[[ Information shown open ]]
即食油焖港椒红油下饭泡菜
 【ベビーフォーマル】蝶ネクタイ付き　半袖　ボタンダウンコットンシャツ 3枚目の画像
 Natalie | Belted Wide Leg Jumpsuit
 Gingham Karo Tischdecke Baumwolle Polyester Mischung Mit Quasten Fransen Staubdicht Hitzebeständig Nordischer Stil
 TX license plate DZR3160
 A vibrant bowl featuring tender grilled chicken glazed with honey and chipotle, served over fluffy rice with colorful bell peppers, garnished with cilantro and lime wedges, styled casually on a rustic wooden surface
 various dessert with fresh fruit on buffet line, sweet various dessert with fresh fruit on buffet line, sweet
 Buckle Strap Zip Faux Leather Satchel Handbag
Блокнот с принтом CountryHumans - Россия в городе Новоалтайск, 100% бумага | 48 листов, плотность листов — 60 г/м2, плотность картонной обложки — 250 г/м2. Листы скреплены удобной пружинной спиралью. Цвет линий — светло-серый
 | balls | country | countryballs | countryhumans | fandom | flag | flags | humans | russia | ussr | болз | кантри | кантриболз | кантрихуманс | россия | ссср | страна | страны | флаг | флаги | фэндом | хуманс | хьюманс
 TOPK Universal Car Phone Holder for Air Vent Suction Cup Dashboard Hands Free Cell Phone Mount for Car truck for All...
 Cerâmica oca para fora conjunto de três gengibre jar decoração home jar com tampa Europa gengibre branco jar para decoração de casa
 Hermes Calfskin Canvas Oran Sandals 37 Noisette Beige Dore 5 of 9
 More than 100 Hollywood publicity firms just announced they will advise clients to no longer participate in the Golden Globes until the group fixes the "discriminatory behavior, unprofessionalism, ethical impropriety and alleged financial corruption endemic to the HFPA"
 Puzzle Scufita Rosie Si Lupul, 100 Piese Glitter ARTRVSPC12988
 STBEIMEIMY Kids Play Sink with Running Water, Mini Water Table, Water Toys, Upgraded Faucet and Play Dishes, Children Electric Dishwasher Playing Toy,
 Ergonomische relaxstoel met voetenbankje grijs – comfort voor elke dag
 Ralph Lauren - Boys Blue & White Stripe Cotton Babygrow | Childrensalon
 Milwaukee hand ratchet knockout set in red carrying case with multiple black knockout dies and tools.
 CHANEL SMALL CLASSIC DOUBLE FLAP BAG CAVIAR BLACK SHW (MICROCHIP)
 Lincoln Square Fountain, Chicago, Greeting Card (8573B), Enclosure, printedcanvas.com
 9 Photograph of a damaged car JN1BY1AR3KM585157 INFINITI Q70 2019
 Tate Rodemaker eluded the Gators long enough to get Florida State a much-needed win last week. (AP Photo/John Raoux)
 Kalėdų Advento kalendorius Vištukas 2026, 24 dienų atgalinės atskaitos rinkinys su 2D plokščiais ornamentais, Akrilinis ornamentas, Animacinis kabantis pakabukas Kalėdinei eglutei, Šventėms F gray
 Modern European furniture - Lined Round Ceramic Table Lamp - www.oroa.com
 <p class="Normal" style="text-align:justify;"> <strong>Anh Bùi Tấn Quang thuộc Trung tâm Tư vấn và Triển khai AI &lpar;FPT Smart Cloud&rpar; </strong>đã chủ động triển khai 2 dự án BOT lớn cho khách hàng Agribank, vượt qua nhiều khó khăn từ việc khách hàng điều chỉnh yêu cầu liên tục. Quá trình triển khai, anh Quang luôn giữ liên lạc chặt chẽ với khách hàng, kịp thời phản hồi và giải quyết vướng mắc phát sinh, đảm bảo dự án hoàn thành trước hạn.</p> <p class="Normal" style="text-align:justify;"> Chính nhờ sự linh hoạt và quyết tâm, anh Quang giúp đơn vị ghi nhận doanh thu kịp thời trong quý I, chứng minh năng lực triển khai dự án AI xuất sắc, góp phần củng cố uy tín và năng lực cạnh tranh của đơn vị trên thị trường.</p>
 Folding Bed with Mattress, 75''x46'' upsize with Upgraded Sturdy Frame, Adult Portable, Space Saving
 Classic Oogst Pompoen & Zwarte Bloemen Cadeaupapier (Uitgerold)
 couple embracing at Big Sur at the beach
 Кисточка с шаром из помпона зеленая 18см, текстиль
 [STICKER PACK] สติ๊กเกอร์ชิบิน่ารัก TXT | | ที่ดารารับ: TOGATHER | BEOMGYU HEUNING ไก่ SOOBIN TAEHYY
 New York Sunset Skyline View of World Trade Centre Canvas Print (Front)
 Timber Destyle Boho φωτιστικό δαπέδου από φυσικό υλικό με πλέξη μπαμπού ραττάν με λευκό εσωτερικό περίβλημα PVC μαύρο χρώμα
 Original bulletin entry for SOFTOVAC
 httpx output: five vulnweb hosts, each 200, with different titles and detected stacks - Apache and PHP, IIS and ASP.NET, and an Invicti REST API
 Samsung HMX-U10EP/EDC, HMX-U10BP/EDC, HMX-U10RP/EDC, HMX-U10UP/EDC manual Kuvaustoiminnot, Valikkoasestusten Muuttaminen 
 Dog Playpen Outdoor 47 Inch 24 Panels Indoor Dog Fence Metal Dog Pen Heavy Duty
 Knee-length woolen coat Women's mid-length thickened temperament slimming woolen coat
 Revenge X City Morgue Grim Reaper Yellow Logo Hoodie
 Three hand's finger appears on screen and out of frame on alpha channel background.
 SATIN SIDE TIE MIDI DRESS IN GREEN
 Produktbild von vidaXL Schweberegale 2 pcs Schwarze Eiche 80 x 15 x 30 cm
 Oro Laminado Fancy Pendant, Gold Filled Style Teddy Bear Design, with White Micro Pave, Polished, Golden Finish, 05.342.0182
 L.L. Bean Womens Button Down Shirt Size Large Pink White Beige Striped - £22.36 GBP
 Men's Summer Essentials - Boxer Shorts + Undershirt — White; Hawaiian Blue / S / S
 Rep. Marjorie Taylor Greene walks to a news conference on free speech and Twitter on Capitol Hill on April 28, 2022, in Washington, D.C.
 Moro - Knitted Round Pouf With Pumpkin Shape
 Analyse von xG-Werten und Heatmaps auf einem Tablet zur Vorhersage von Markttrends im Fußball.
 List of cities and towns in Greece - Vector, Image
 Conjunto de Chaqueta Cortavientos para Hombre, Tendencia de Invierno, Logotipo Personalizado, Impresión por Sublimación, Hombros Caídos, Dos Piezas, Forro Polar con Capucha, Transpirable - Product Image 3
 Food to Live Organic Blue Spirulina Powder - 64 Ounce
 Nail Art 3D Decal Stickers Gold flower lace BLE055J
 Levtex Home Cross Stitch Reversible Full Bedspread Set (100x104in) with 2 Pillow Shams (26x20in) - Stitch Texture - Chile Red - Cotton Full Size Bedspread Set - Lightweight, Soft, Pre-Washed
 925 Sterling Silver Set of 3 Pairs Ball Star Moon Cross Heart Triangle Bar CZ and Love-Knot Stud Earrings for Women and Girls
[[ Information shown closed ]]
**Exercise objective:**
Set the data down again in full. Keep it exact.

**Answer to the exercise:**
即食油焖港椒红油下饭泡菜
 【ベビーフォーマル】蝶ネクタイ付き　半袖　ボタンダウンコットンシャツ 3枚目の画像
 Natalie | Belted Wide Leg Jumpsuit
 Gingham Karo Tischdecke Baumwolle Polyester Mischung Mit Quasten Fransen Staubdicht Hitzebeständig Nordischer Stil
 TX license plate DZR3160
 A vibrant bowl featuring tender grilled chicken glazed with honey and chipotle, served over fluffy rice with colorful bell peppers, garnished with cilantro and lime wedges, styled casually on a rustic wooden surface
 various dessert with fresh fruit on buffet line, sweet various dessert with fresh fruit on buffet line, sweet
 Buckle Strap Zip Faux Leather Satchel Handbag
Блокнот с принтом CountryHumans - Россия в городе Новоалтайск, 100% бумага | 48 листов, плотность листов — 60 г/м2, плотность картонной обложки — 250 г/м2. Листы скреплены удобной пружинной спиралью. Цвет линий — светло-серый
 | balls | country | countryballs | countryhumans | fandom | flag | flags | humans | russia | ussr | болз | кантри | кантриболз | кантрихуманс | россия | ссср | страна | страны | флаг | флаги | фэндом | хуманс | хьюманс
 TOPK Universal Car Phone Holder for Air Vent Suction Cup Dashboard Hands Free Cell Phone Mount for Car truck for All...
 Cerâmica oca para fora conjunto de três gengibre jar decoração home jar com tampa Europa gengibre branco jar para decoração de casa
 Hermes Calfskin Canvas Oran Sandals 37 Noisette Beige Dore 5 of 9
 More than 100 Hollywood publicity firms just announced they will advise clients to no longer participate in the Golden Globes until the group fixes the "discriminatory behavior, unprofessionalism, ethical impropriety and alleged financial corruption endemic to the HFPA"
 Puzzle Scufita Rosie Si Lupul, 100 Piese Glitter ARTRVSPC12988
 STBEIMEIMY Kids Play Sink with Running Water, Mini Water Table, Water Toys, Upgraded Faucet and Play Dishes, Children Electric Dishwasher Playing Toy,
 Ergonomische relaxstoel met voetenbankje grijs – comfort voor elke dag
 Ralph Lauren - Boys Blue & White Stripe Cotton Babygrow | Childrensalon
 Milwaukee hand ratchet knockout set in red carrying case with multiple black knockout dies and tools.
 CHANEL SMALL CLASSIC DOUBLE FLAP BAG CAVIAR BLACK SHW (MICROCHIP)
 Lincoln Square Fountain, Chicago, Greeting Card (8573B), Enclosure, printedcanvas.com
 9 Photograph of a damaged car JN1BY1AR3KM585157 INFINITI Q70 2019
 Tate Rodemaker eluded the Gators long enough to get Florida State a much-needed win last week. (AP Photo/John Raoux)
 Kalėdų Advento kalendorius Vištukas 2026, 24 dienų atgalinės atskaitos rinkinys su 2D plokščiais ornamentais, Akrilinis ornamentas, Animacinis kabantis pakabukas Kalėdinei eglutei, Šventėms F gray
 Modern European furniture - Lined Round Ceramic Table Lamp - www.oroa.com
 <p class="Normal" style="text-align:justify;"> <strong>Anh Bùi Tấn Quang thuộc Trung tâm Tư vấn và Triển khai AI &lpar;FPT Smart Cloud&rpar; </strong>đã chủ động triển khai 2 dự án BOT lớn cho khách hàng Agribank, vượt qua nhiều khó khăn từ việc khách hàng điều chỉnh yêu cầu liên tục. Quá trình triển khai, anh Quang luôn giữ liên lạc chặt chẽ với khách hàng, kịp thời phản hồi và giải quyết vướng mắc phát sinh, đảm bảo dự án hoàn thành trước hạn.</p> <p class="Normal" style="text-align:justify;"> Chính nhờ sự linh hoạt và quyết tâm, anh Quang giúp đơn vị ghi nhận doanh thu kịp thời trong quý I, chứng minh năng lực triển khai dự án AI xuất sắc, góp phần củng cố uy tín và năng lực cạnh tranh của đơn vị trên thị trường.</p>
 Folding Bed with Mattress, 75''x46'' upsize with Upgraded Sturdy Frame, Adult Portable, Space Saving
 Classic Oogst Pompoen & Zwarte Bloemen Cadeaupapier (Uitgerold)
 couple embracing at Big Sur at the beach
 Кисточка с шаром из помпона зеленая 18см, текстиль
 [STICKER PACK] สติ๊กเกอร์ชิบิน่ารัก TXT | | ที่ดารารับ: TOGATHER | BEOMGYU HEUNING ไก่ SOOBIN TAEHYY
 New York Sunset Skyline View of World Trade Centre Canvas Print (Front)
 Timber Destyle Boho φωτιστικό δαπέδου από φυσικό υλικό με πλέξη μπαμπού ραττάν με λευκό εσωτερικό περίβλημα PVC μαύρο χρώμα
 Original bulletin entry for SOFTOVAC
 httpx output: five vulnweb hosts, each 200, with different titles and detected stacks - Apache and PHP, IIS and ASP.NET, and an Invicti REST API
 Samsung HMX-U10EP/EDC, HMX-U10BP/EDC, HMX-U10RP/EDC, HMX-U10UP/EDC manual Kuvaustoiminnot, Valikkoasestusten Muuttaminen 
 Dog Playpen Outdoor 47 Inch 24 Panels Indoor Dog Fence Metal Dog Pen Heavy Duty
 Knee-length woolen coat Women's mid-length thickened temperament slimming woolen coat
 Revenge X City Morgue Grim Reaper Yellow Logo Hoodie
 Three hand's finger appears on screen and out of frame on alpha channel background.
 SATIN SIDE TIE MIDI DRESS IN GREEN
 Produktbild von vidaXL Schweberegale 2 pcs Schwarze Eiche 80 x 15 x 30 cm
 Oro Laminado Fancy Pendant, Gold Filled Style Teddy Bear Design, with White Micro Pave, Polished, Golden Finish, 05.342.0182
 L.L. Bean Womens Button Down Shirt Size Large Pink White Beige Striped - £22.36 GBP
 Men's Summer Essentials - Boxer Shorts + Undershirt — White; Hawaiian Blue / S / S
 Rep. Marjorie Taylor Greene walks to a news conference on free speech and Twitter on Capitol Hill on April 28, 2022, in Washington, D.C.
 Moro - Knitted Round Pouf With Pumpkin Shape
 Analyse von xG-Werten und Heatmaps auf einem Tablet zur Vorhersage von Markttrends im Fußball.
 List of cities and towns in Greece - Vector, Image
 Conjunto de Chaqueta Cortavientos para Hombre, Tendencia de Invierno, Logotipo Personalizado, Impresión por Sublimación, Hombros Caídos, Dos Piezas, Forro Polar con Capucha, Transpirable - Product Image 3
 Food to Live Organic Blue Spirulina Powder - 64 Ounce
 Nail Art 3D Decal Stickers Gold flower lace BLE055J
 Levtex Home Cross Stitch Reversible Full Bedspread Set (100x104in) with 2 Pillow Shams (26x20in) - Stitch Texture - Chile Red - Cotton Full Size Bedspread Set - Lightweight, Soft, Pre-Washed
 925 Sterling Silver Set of 3 Pairs Ball Star Moon Cross Heart Triangle Bar CZ and Love-Knot Stud Earrings for Women and Girls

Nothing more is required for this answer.